Electrochemiluminescence Sensor based on Electrospun Crosslinked Carbon Nanofibers for the Detection of Difenidol Hydrochloride

Abstract

Background: Cross-linked porous carbon nanofibers (CNF) was successfully prepared by electrospinning and high-temperature carbonization. Polyacrylonitrile (PAN) as the carbon source and Genipin as the cross-linking agent were used to prepare Cross-linked porous carbon nanofibers (CNF). Method and Material: The field emission Scanning Electron Microscopy (SEM), Transmission Electron Microscope (TEM), Automatic Specific Surface and Porosity Analyzer Brunner Emmet Teller (BET), X-ray Diffraction (XRD), A laser confocal microspectroscope (Raman, XploRA PLUS, Horiba) were used to characterize materials. The CNF suspension was dropped on the surface of the bare glassy carbon electrode by the drip coating method to obtain a CNF modified electrode.

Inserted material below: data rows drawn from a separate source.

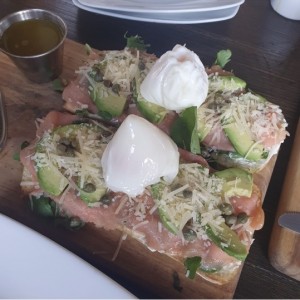 Open face de salmon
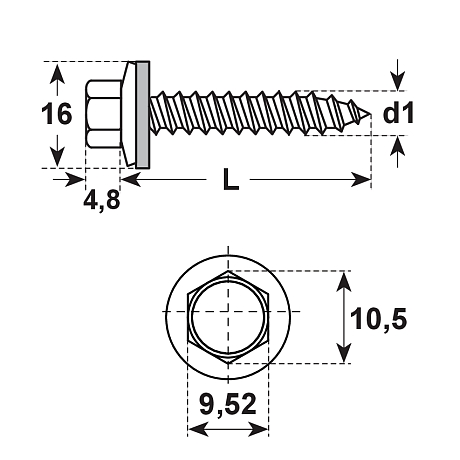 Fassadenschrauben 6-kt E-VS A Stahl vz [SimilarCatItems.CatItem.ArtName2]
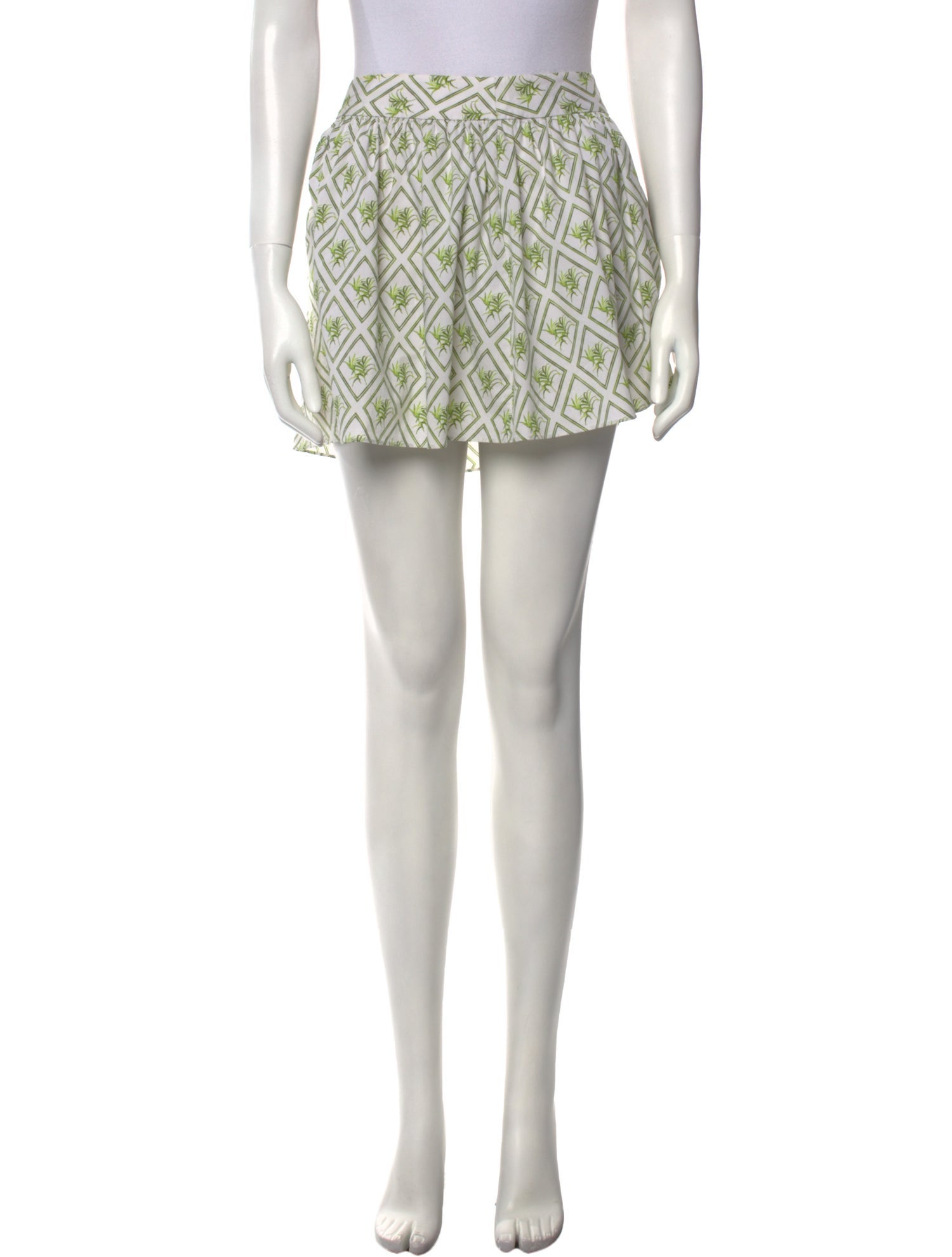 Caroline Constas Printed Mini Shorts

Cyclic voltammetry was used to study the electrochemiluminescence behavior of difenidol hydrochloride on CNF modified glassy carbon electrode (Glassy Carbon Electrode, GCE). Results and Discussion: Herein, we synthesised a kind of Crosslinked Carbon Nanofibers and designed a novel ECL biosensor, Under the optimal conditions, the concentration of difenidol hydrochloride has a linear relationship with the peak current in the range of 8.0×10-8 to 1.0×10-4mol/L, the correlation coefficient is R2=0.997, with a low detection limit (1.2×10- 8 mol/L). Difenidol hydrochloride in difenidol hydrochloride tablets was tested, and the recovery rate of sample addition was 83.17%-92.17%, and the RSD was <5.0%. The designed platform exhibited excellent analytical performance towards difenidol hydrochloride determination.